The following reference guide will help you identify the most common Pandas tools used for
structuring data. Note that this is just for reference. For detailed information on how each
method works, including explanations of every parameter and examples, refer to the linked
documentation.
Combine data
Note that for many situations that require combining data, you can use a number of different
functions, methods, or approaches. Usually you’re not limited to a single “correct” function. So if
these functions and methods seem very similar, don’t worry! It’s because they are!
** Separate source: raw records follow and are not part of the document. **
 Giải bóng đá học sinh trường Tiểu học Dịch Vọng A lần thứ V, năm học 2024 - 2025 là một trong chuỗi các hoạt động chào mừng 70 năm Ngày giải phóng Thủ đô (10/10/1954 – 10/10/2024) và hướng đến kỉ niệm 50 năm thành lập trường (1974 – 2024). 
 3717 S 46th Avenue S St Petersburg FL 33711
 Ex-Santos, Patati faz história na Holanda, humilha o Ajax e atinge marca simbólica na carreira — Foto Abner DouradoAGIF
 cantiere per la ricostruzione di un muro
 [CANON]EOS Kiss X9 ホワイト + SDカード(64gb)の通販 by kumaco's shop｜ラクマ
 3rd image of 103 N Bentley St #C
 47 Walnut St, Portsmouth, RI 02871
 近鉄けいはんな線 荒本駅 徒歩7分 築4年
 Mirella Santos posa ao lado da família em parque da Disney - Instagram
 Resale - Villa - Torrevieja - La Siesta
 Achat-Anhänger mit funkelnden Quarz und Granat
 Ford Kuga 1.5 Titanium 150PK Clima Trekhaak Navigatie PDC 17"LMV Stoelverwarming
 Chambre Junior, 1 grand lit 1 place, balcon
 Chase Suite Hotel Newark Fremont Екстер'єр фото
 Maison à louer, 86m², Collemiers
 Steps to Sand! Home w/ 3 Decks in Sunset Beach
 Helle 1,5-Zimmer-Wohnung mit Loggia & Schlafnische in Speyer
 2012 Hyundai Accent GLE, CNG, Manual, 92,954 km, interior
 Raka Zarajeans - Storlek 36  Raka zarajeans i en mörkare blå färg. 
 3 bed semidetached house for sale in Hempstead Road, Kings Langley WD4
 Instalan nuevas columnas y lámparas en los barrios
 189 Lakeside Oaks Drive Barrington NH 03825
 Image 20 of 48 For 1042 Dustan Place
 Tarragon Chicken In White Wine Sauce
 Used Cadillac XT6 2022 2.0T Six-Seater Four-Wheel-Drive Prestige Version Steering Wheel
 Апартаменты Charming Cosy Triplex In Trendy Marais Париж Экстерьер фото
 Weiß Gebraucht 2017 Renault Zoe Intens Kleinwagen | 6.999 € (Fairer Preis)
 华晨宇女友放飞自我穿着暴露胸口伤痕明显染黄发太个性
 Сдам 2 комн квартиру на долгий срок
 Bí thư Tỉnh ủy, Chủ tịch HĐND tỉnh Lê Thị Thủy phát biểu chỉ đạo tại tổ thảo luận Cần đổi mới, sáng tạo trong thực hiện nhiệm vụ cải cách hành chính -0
The best way
to learn them, determine what works best for you, and understand them is to use them!
df.merge()
● A method available to the DataFrame class.
● Use df.merge() to take columns or indices from other dataframes and combine them
with the one to which you’re applying the method.
● Example:
df1.merge(df2, how=‘inner’, on=[‘month’,’year’])
pd.concat()
● A pandas function to combine series and/or dataframes
● Use pd.concat() to join columns, rows, or dataframes along a particular axis
● Example:
df3 = pd.concat([df1.drop(['column_1','column_2'], axis=1), df2])
df.join()
● A method available to the DataFrame class.
● Use df.join() to combine columns with another dataframe either on an index or on a key
column. Efficiently join multiple DataFrame objects by index at once by passing a list.
● Example:
df1.set_index('key').join(df2.set_index('key'))
Visual representation of a combination:
Extract or select data
df[[columns]]
● Use df[[columns]] to extract/select columns from a dataframe.
● Example:
df[['animal', 'legs']]
df.select_dtypes()
● A method available to the DataFrame class.
● Use df.select_dtypes() to return a subset of the dataframe’s columns based on the
column dtypes (e.g., float64, int64, bool, object, etc.).
● Example:
df2 = df.select_dtypes(include=['int64'])
Visual representation of extraction:
Filter data
Recall from Course 2 that Boolean masks are used to filter dataframes.
df[condition]
● Use df[condition] to create a Boolean mask, then apply the mask to the dataframe to
filter according to selected condition.
● Example:
df[df['class']=='Aves']
Visual representation of filtering:
Sort data
df.sort_values()
● A method available to the DataFrame class.
● Use df.sort_values() to sort data according to selected parameters.
● Example:
df.sort_values(by=['legs'], ascending=False)
Visual representation of sorting:
Slice data
df.iloc[]
● Use df.iloc[] to slice a dataframe based on an integer index location.
● Examples:
df.iloc[5:10, 2:] → selects only rows 5 through 9, at columns 2+
df.iloc[5:10] → selects only rows 5 through 9, all columns
df.iloc[1, 2] → selects value at row 1, column 2
df.iloc[[0, 2], [2, 4] → selects only rows 0 and 2, at columns 2 and
df.loc[]
● Use df.loc[] to slice a dataframe based on a label or Boolean array.
● Example:
df.loc[:, ['color', 'class']]
Key takeaways
The tools in this reference guide are foundational to structuring data, including filtering, sorting,
merging, and slicing. You will find yourself using them throughout your career as a data
professional.
Resources for more information
Refer to these links for more details on Python functions and their various parameters.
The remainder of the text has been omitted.